KAMPALA — Jimmy Lwamafa’s proverbial 40 days have left him haggard. It is difficult to imagine how many thoughts were racing through the mind of the former Permanent Secretary at the Ministry of Public Service and Labour as he head back to Luzira Prison on Wednesday.
Yet it is also so easy to draw up a conclusion on his state of torment.
On Wednesday the Court of Appeal granted bail to Lwamafa and his accomplice Christopher Obey but the bail was nothing short of absurdity as the two were herded straight back to prison because of other pending charges against them in the Anti-Corruption Court.
Lwamafa must have both envied and pitied his second partner in crime Stephen Kiwanuka Kunsa, whose plea for bail was trashed with the disdain of a hungry man swatting away a fly hovering around his lunch stew. Envied Kunsa because at least he wasn’t humiliated with a meaningless bail, and pitied him because the convict cited serious health problems in his bail application and had substantial sureties—albeit not convincing enough to the court.
Former PS Lwamafa, Obey, a former principal accountant in charge of pensions at the Ministry of Public Service, and Kunsa, a former director of research and development at the same ministry, have been dubbed ‘the three pension thieves’ by the public and the media since their conviction, in November last year, for causing financial loss of Sh88.2 billion and abuse of office.

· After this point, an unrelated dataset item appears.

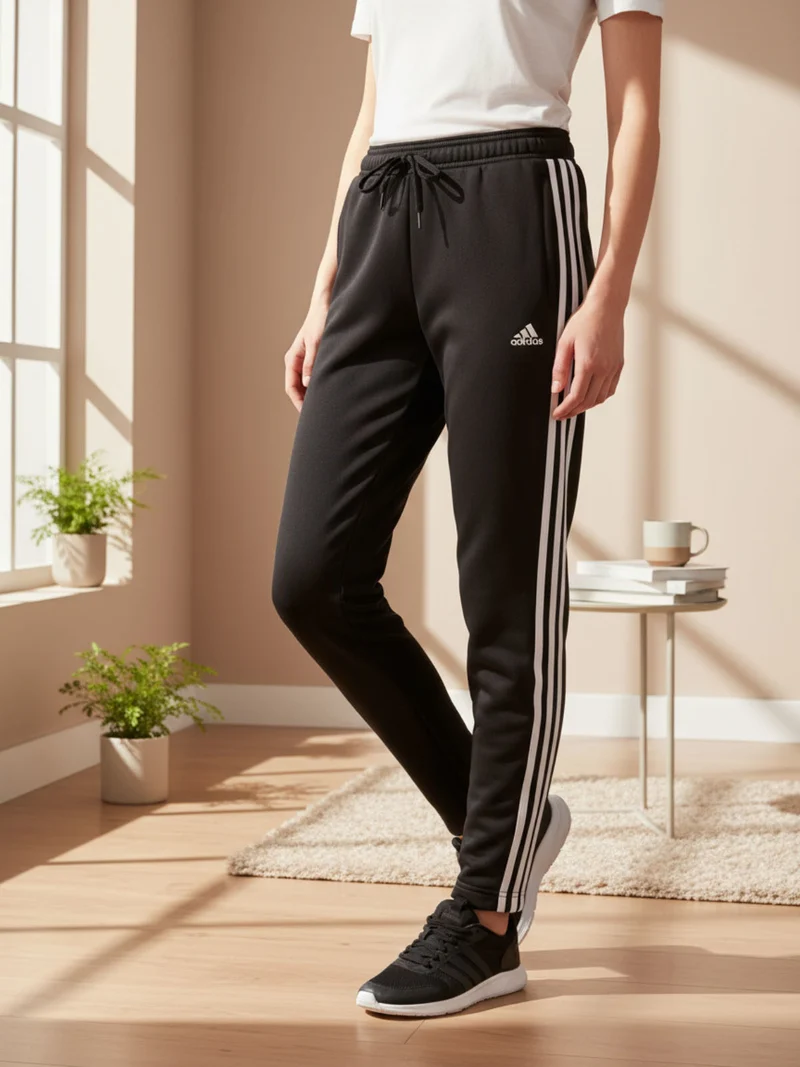 GN1464 Pantaloni sportivi da ragazza - nero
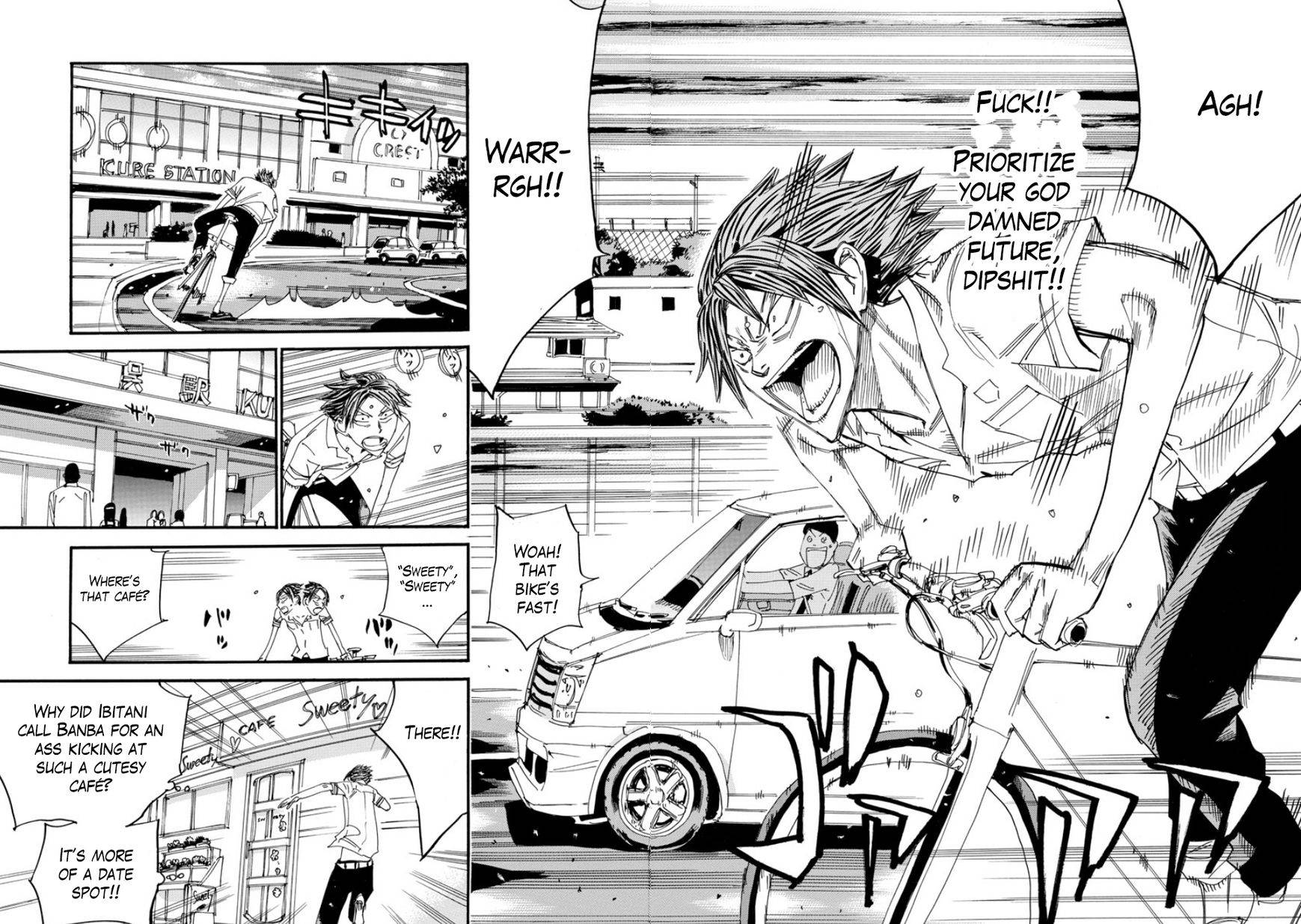 Yowamushi Pedal: Spare Bike Chap 53 - Next Chap 54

The ‘three pension thieves’ were on August 19, 2015, charged with several counts related to irregular budgeting of National Social Security Fund (NSSF) and misappropriation of Sh88.2 billion allocated for the Fund.

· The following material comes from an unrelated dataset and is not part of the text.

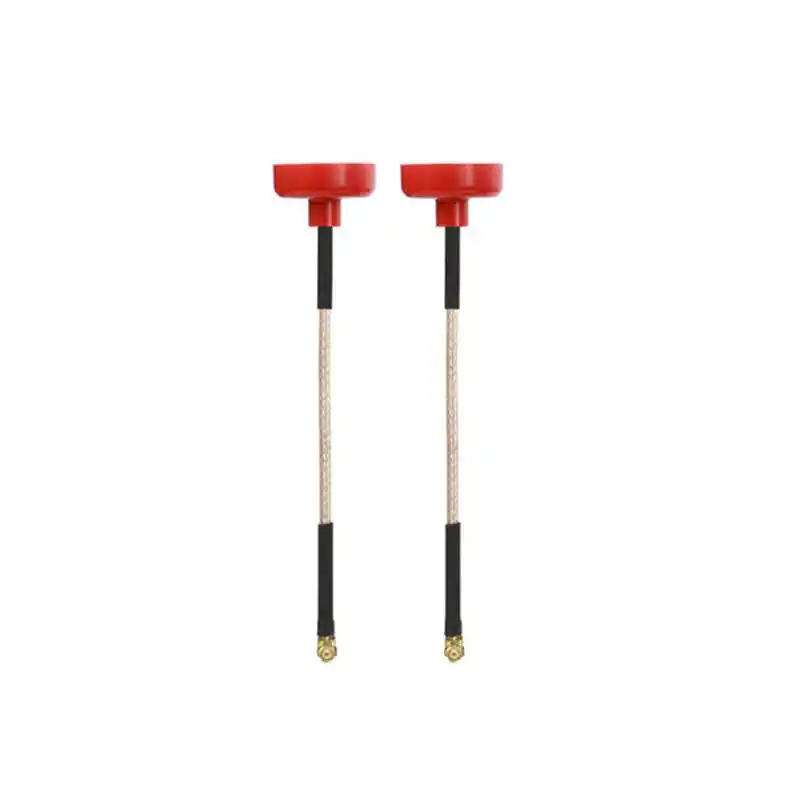 2pcs Furious FPV Air UFL 5.8GHz 2.2dBi FPV Antenna RHCP/LHCP Better Stability For FPV Racing RC Drone Quadcopter RC Toys
2pcs Furious FPV Air UFL 5.8GHz 2.2dBi FPV Antenna RHCP/LHCP Better Stability For FPV Racing RC Drone Quadcopter RC Toys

Justice Lawrence Gidudu, who sealed the fate of the three former civil servants, said the Sh88.2 billion was siphoned through a syndicate they had carefully orchestrated at various stages involving different institutions, including Bank of Uganda and Cairo International Bank.
The judge found the convicts guilty of fraudulently budgeting for Sh88.2 billion of pension money that they claimed was supposed to be contributed to NSSF— the ministry does not budget for pension remittance—and confidently waited at the other end for the money to be wired and diverted to their own parties.
For many civil servants that engage in abuse of office and siphoning of public resources in the country, there is always that feeling that somewhere somehow, a stronger rock would shield you against a fatal fall when the net of the law covers you up.
Lwamafa must have seen that guardian rock in the shape of a bail application as many convicts, once bailed, live their life happily thereafter until the State loses interest in the case. But this was not to be.
They were released on bail but were driven back to Luzira prison. They still have another pending case in the Anti-Corruption Court related to forgery of a judicial document to steal Sh15.4 billion of pension money.
Lwamafa had already spent 14 months on remand, a factor that played in Judge Gidudu only handing him seven years once his advanced aged was also factored in.
In his late sixties, one of the gnashing thoughts running through his head is why he had not retired into his seated opulence before the cracks appeared.
How much more humiliating would it get for him on being asked by Justice Steven Kavuma to deposit land title of his palatial residence as part of the bail condition. The house is on Plot 13, Yusuf Lule Road in Nakasero, Kampala.
The three pension thieves have appealed their conviction, asking that the Court of Appeal puts aside the lower court’s decision to hand them jail terms. Kunsa is serving five years and Obey 10 years in jail.
Deputy Chief Justice Kavuma, who ruled on their bail application, said there might be a delay in the hearing of the appeal and saved them an even more sobering humiliation for a financial crime of that nature when he rejected the prosecution’s prayer that court orders the convicts to deposit Sh3 billion and their sureties to commit Sh10 billion.
Kavuma might have saved the ordeal here but it no doubt left Lwamafa and Co wondering just how much more they risk seeing the rock upon which they stood fall apart.
“Such conditions are not in my view reasonable and they would in practical terms amount to a denial of the application for bail pending appeal without saying it in many words,” Justice Kavuma said in the ruling.
Lwamafa will not forget the words. Piercing words that Kavuma couldn’t have put any better. Denial of right to appeal without saying it in many words is what the billion shillings bail condition would amount to.
On Lwamafa’s haggard shoulders and furrowed conscience hangs another desperate prayer that Evans Ochieng, his counsel, manages to throw a ballast strong enough to steady the ship that is already submerged with him before it hits the floor of the sea.
Should Counsel Ochieng fail, Lwamafa will stare at a coup de grace worth Sh50 billion in compensation to Government in his face. A bold type face in his crime and punishment episode.